-------- Record excerpts --------

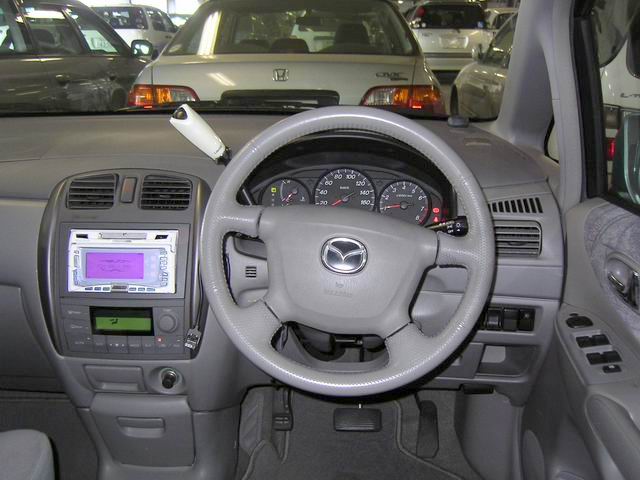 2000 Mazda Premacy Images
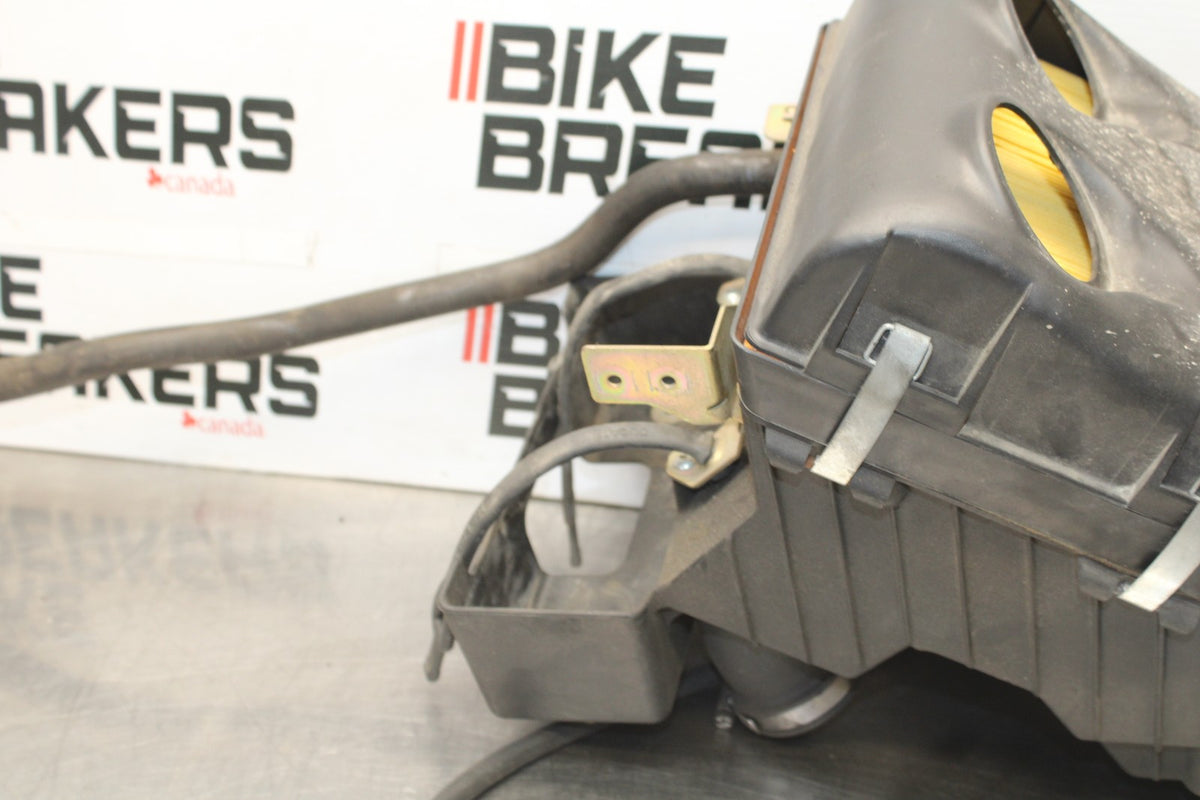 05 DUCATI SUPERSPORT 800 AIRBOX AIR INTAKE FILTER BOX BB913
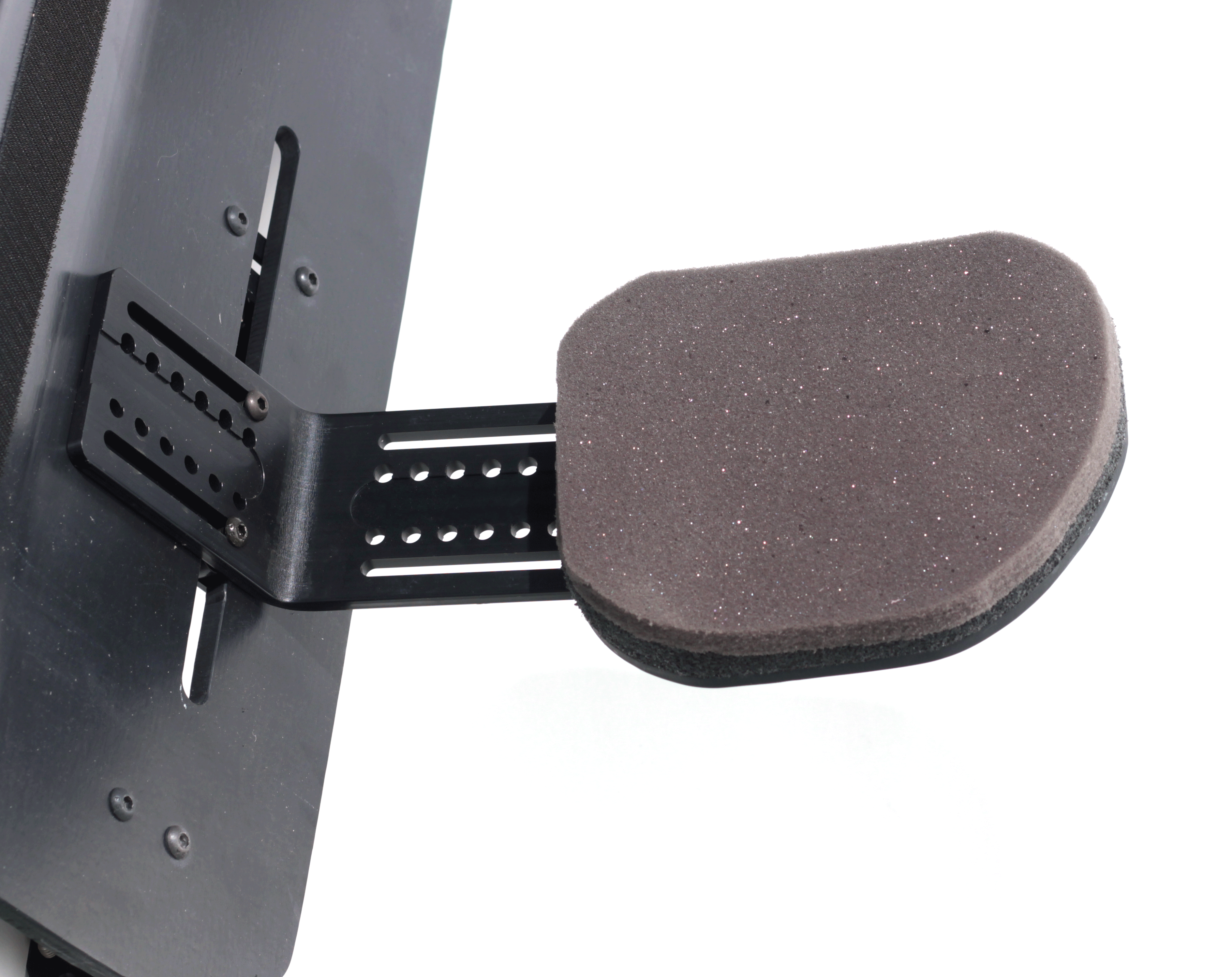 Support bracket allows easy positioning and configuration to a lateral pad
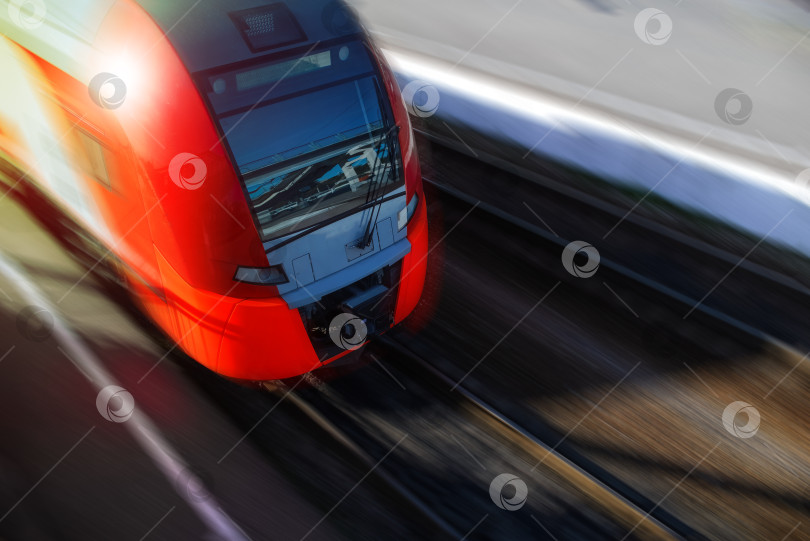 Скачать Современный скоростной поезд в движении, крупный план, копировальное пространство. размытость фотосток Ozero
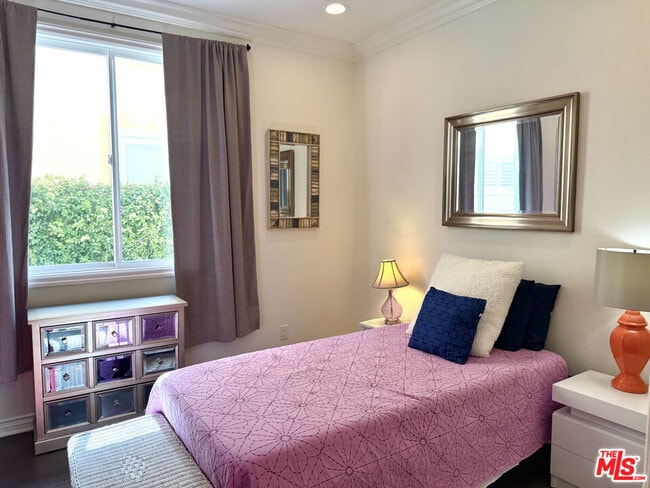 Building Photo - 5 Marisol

--------

» **What needs to be done**:
Leaving out any images, restate every record word for word.

» **Result of this exercise**:
 2000 Mazda Premacy Images
 05 DUCATI SUPERSPORT 800 AIRBOX AIR INTAKE FILTER BOX BB913
 Support bracket allows easy positioning and configuration to a lateral pad
 Скачать Современный скоростной поезд в движении, крупный план, копировальное пространство. размытость фотосток Ozero
 Building Photo - 5 Marisol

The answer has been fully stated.